The pre-title sequence is a seemingly one-take, Touch of Evil-ish scene through the streets of Mexico City during the Day of the Dead festivities, leading to a three-way fistfight in a helicopter above a crowded city square.  It seems there’s yet another shady criminal organization trying to take control of the world’s intelligence services, one with which Bond has been unwittingly crossing paths for three movies now, and this ring carved with an octopus is the clue Bond has been needing all this time. Through real-world Snowden-like dealings in the British government, the 00-programme is on the verge of being shut down, so Bond is once again on his own, off to Italy to infiltrate what seems to be the secret society’s annual shareholders meeting and have a fantastic car chase. Then off to Austria to collect the required female adventuring companion, one Madeleine Swann (Lea Seydoux), and ultimately to Tangiers in pursuit of the everyone-says-he’s-dead Franz Oberhauser (Christoph Waltz, looking quite like Charles Gray and dressed remarkably like Donald Pleasence… hmmm...) in his secret desert hideout.  Now if all that doesn’t sound like a Bond flick, just what the heck would?

Spectre’s almost two-and-a-half hour running time didn’t phase me, but despite all of that screen time, there are characters that are sadly underdeveloped or underutilized.  Monica Bellucci, whose casting was much ballyhooed by the press as being novel, in that there was finally an age-appropriate actress as a “Bond Girl,” is in-and-out of the movie fairly quickly, and the sequence with her character almost so unnecessary to the plot that one might forget about her once it’s over. While M and Q (Ralph Fiennes and Ben Whishaw, both fantastic) are involved in this story better and more entertainingly than any incarnation of those characters ever has been before, Naomie Harris’ Moneypenny is sadly underused, a disappointment after the potential for growing her and Bond’s relationship at the end of Skyfall.  Even the almost-obligatory scene where the primary baddie has Bond in his clutches falls prey to the spy-thriller trope of the monologue-ing villain, leading me to hear Seth Green in the back of my mind, screaming to Dr. Evil in the first Austin Powers movie to just pop the hero in the head so we could get on with things.

Spectre is not a letdown after Skyfall by any means, but it is a different movie, and one should keep that in my when buying his ticket. It is not as in-depth as Skyfall, but it is more fun, with Bond exhibiting a bit more of the dry humor we’ve loved from the character these last fifty years. Craig actually seems to be enjoying the character more than he ever has before, although you’d never suspect that from all the public griping about being Bond he’s doing to the press these days.  I once complained that his portrayal of the character was more James Bourne than James Bond, but the part has evolved in these last two movies, and he in the role, turning it into something more familiar, yet all his own at the same time.
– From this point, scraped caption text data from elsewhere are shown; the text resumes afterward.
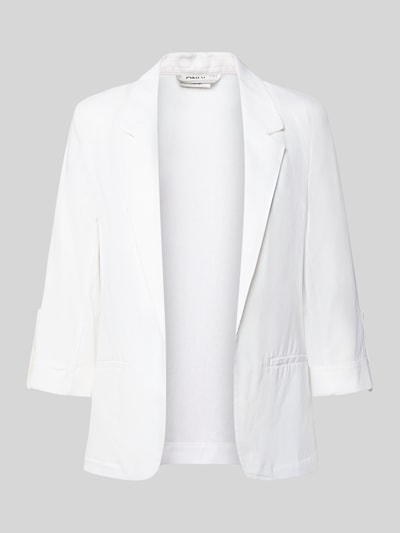Produktfoto, Relaxed Fit Blazer aus Viskose-Leinen-Mix Modell 'GOA' von Only, unifarben weiß, Reverskragen, 3/4-Arm, Leistentaschen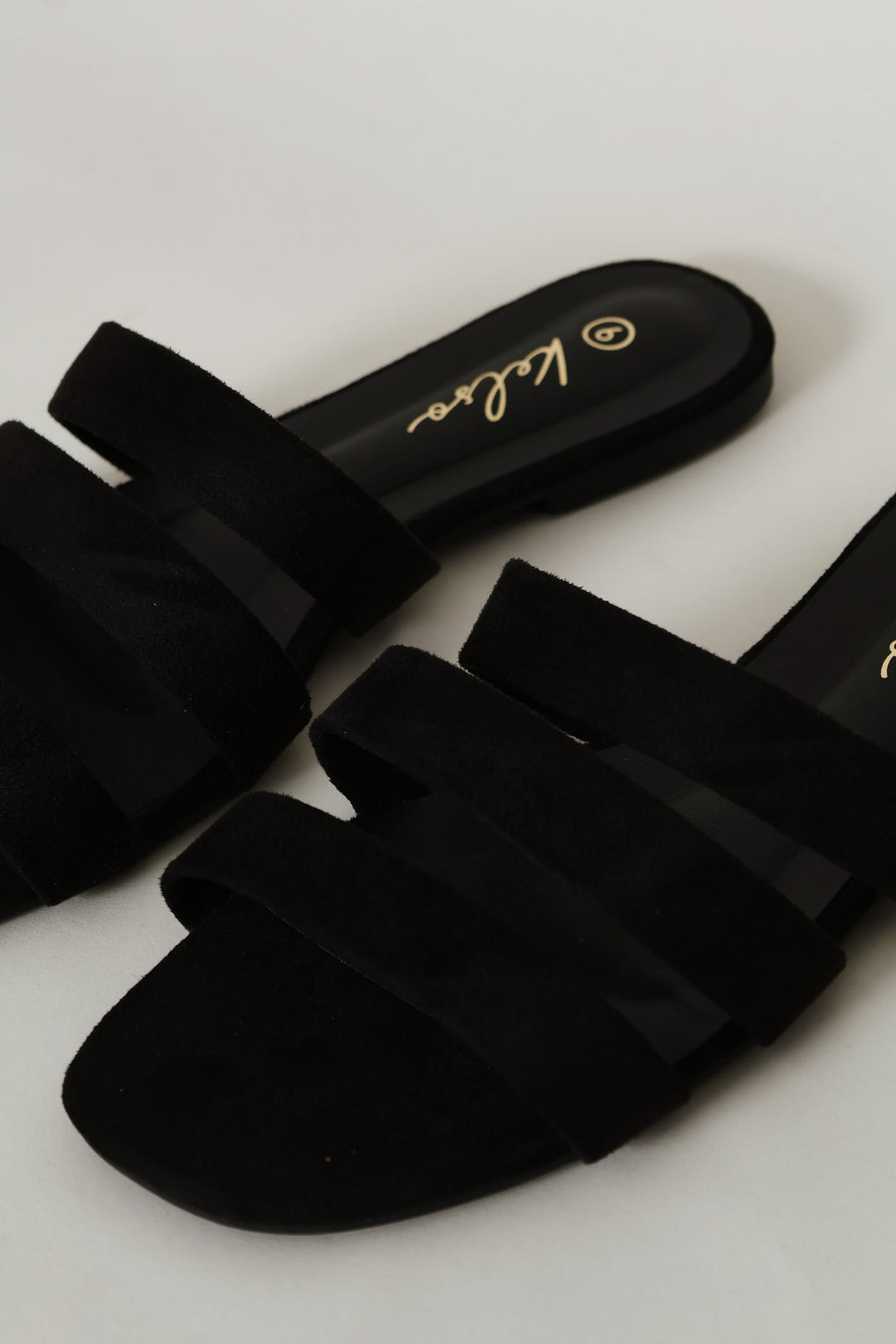3 Strap Basic Mule Sandal - Black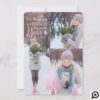 Chic Pretty Pink Glitter Pine Tree Multiple Photo Holiday Card
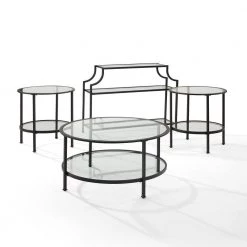 Aimee 4-Piece Oil Rubbed Bronze Round Glass Coffee Table Set with Shelf by CROSLEY FURNITURE 10 Aimee 4-Piece Oil Rubbed Bronze Round Glass Coffee Table Set with Shelf by CROSLEY FURNITURE -Deals CROSLEY FURNITURE Store oil rubbed bronze crosley furniture coffee tables kf13018bz c3 1000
If you go to this movie basing your expectations on your experience with Skyfall, you may be disappointed, so don’t fall into that line of thought. Spectre seems to be more about the tone of Bond’s world than the particulars of any story set in it.  It has a different pace than Skyfall because it tells a different story, about a character in a different place in his life, and yet it’s still exactly what you should expect of your Bond flicks - an extraordinarily entertaining action/fantasy thriller, and one you’d be glad you saw in a theater.